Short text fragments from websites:

-- Opening Marker --

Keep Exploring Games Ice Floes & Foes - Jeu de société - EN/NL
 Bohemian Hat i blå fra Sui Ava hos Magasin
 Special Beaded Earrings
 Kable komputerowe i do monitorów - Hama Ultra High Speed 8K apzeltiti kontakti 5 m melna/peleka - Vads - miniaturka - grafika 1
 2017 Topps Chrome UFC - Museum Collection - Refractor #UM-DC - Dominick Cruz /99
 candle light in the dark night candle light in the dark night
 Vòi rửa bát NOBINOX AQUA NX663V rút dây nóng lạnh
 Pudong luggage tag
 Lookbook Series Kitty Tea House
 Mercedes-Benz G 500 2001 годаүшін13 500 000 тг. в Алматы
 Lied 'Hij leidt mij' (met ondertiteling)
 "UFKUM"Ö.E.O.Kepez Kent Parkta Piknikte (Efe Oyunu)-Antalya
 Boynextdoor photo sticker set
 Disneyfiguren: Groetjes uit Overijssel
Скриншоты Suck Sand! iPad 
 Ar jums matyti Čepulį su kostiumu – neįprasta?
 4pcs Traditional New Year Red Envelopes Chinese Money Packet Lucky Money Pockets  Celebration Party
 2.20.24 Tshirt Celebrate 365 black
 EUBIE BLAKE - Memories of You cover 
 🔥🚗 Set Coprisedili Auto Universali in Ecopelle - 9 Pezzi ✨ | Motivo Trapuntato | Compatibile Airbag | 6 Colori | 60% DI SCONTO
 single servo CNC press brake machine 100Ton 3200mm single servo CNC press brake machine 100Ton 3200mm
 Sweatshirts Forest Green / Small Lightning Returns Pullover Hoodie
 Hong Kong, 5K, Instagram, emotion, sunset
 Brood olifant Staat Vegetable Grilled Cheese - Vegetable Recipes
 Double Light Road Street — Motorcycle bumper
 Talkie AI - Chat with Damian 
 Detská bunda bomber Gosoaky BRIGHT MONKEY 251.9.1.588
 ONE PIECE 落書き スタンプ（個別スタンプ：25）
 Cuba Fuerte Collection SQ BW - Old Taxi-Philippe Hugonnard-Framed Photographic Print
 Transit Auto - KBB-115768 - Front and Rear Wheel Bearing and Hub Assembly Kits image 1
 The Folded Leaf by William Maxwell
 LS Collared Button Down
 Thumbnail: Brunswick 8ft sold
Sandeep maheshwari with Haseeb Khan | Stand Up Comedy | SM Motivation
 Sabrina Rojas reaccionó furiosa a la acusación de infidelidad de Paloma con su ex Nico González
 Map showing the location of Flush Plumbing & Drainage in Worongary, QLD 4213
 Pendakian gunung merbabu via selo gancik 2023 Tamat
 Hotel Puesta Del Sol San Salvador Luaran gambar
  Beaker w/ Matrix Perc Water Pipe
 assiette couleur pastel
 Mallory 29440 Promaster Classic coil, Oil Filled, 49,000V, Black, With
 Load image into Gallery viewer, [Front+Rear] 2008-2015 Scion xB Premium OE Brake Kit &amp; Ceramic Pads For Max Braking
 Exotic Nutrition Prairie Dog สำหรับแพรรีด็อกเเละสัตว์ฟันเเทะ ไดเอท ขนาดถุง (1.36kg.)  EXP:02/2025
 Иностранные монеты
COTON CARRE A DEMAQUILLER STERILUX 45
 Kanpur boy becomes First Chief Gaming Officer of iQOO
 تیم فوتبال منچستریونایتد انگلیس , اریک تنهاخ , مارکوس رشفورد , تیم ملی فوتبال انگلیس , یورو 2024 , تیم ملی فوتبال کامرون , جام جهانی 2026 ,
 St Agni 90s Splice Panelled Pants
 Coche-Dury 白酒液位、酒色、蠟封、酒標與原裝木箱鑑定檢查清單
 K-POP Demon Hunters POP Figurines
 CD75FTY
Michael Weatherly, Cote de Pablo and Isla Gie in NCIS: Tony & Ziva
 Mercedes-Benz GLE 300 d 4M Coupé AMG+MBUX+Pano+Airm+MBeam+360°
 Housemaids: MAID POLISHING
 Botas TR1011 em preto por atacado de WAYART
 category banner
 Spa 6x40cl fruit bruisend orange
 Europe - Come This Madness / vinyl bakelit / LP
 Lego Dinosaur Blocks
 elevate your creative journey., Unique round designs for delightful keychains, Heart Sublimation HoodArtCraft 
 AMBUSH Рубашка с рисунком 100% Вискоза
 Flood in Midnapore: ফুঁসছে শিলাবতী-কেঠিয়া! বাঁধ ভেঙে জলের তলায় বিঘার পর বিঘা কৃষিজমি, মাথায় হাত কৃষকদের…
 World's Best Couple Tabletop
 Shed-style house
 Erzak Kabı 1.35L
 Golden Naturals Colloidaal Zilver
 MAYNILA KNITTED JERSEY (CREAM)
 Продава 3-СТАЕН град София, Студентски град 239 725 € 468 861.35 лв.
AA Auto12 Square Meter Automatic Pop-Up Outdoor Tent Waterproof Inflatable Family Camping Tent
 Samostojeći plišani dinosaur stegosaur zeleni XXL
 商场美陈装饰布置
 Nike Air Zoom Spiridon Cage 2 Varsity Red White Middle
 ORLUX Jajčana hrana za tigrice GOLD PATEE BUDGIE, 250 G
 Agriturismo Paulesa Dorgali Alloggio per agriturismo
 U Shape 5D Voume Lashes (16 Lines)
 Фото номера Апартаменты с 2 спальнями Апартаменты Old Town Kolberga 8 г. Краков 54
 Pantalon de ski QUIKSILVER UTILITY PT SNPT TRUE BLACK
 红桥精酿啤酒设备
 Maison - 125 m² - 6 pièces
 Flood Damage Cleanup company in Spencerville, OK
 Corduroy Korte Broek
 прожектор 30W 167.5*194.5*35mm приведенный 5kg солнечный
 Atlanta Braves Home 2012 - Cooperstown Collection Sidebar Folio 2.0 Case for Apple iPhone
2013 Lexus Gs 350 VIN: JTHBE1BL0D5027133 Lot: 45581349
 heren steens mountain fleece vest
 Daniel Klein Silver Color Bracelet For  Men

-- Closing Marker --

Your assignment: In the entries above, the lines from the one bearing "Sabrina Rojas reaccionó" up to and including the one bearing "ORLUX Jajčana hrana" should be transcribed exactly; no other line is wanted.

Result for this exercise:
 Sabrina Rojas reaccionó furiosa a la acusación de infidelidad de Paloma con su ex Nico González
 Map showing the location of Flush Plumbing & Drainage in Worongary, QLD 4213
 Pendakian gunung merbabu via selo gancik 2023 Tamat
 Hotel Puesta Del Sol San Salvador Luaran gambar
  Beaker w/ Matrix Perc Water Pipe
 assiette couleur pastel
 Mallory 29440 Promaster Classic coil, Oil Filled, 49,000V, Black, With
 Load image into Gallery viewer, [Front+Rear] 2008-2015 Scion xB Premium OE Brake Kit &amp; Ceramic Pads For Max Braking
 Exotic Nutrition Prairie Dog สำหรับแพรรีด็อกเเละสัตว์ฟันเเทะ ไดเอท ขนาดถุง (1.36kg.)  EXP:02/2025
 Иностранные монеты
COTON CARRE A DEMAQUILLER STERILUX 45
 Kanpur boy becomes First Chief Gaming Officer of iQOO
 تیم فوتبال منچستریونایتد انگلیس , اریک تنهاخ , مارکوس رشفورد , تیم ملی فوتبال انگلیس , یورو 2024 , تیم ملی فوتبال کامرون , جام جهانی 2026 ,
 St Agni 90s Splice Panelled Pants
 Coche-Dury 白酒液位、酒色、蠟封、酒標與原裝木箱鑑定檢查清單
 K-POP Demon Hunters POP Figurines
 CD75FTY
Michael Weatherly, Cote de Pablo and Isla Gie in NCIS: Tony & Ziva
 Mercedes-Benz GLE 300 d 4M Coupé AMG+MBUX+Pano+Airm+MBeam+360°
 Housemaids: MAID POLISHING
 Botas TR1011 em preto por atacado de WAYART
 category banner
 Spa 6x40cl fruit bruisend orange
 Europe - Come This Madness / vinyl bakelit / LP
 Lego Dinosaur Blocks
 elevate your creative journey., Unique round designs for delightful keychains, Heart Sublimation HoodArtCraft 
 AMBUSH Рубашка с рисунком 100% Вискоза
 Flood in Midnapore: ফুঁসছে শিলাবতী-কেঠিয়া! বাঁধ ভেঙে জলের তলায় বিঘার পর বিঘা কৃষিজমি, মাথায় হাত কৃষকদের…
 World's Best Couple Tabletop
 Shed-style house
 Erzak Kabı 1.35L
 Golden Naturals Colloidaal Zilver
 MAYNILA KNITTED JERSEY (CREAM)
 Продава 3-СТАЕН град София, Студентски град 239 725 € 468 861.35 лв.
AA Auto12 Square Meter Automatic Pop-Up Outdoor Tent Waterproof Inflatable Family Camping Tent
 Samostojeći plišani dinosaur stegosaur zeleni XXL
 商场美陈装饰布置
 Nike Air Zoom Spiridon Cage 2 Varsity Red White Middle
 ORLUX Jajčana hrana za tigrice GOLD PATEE BUDGIE, 250 G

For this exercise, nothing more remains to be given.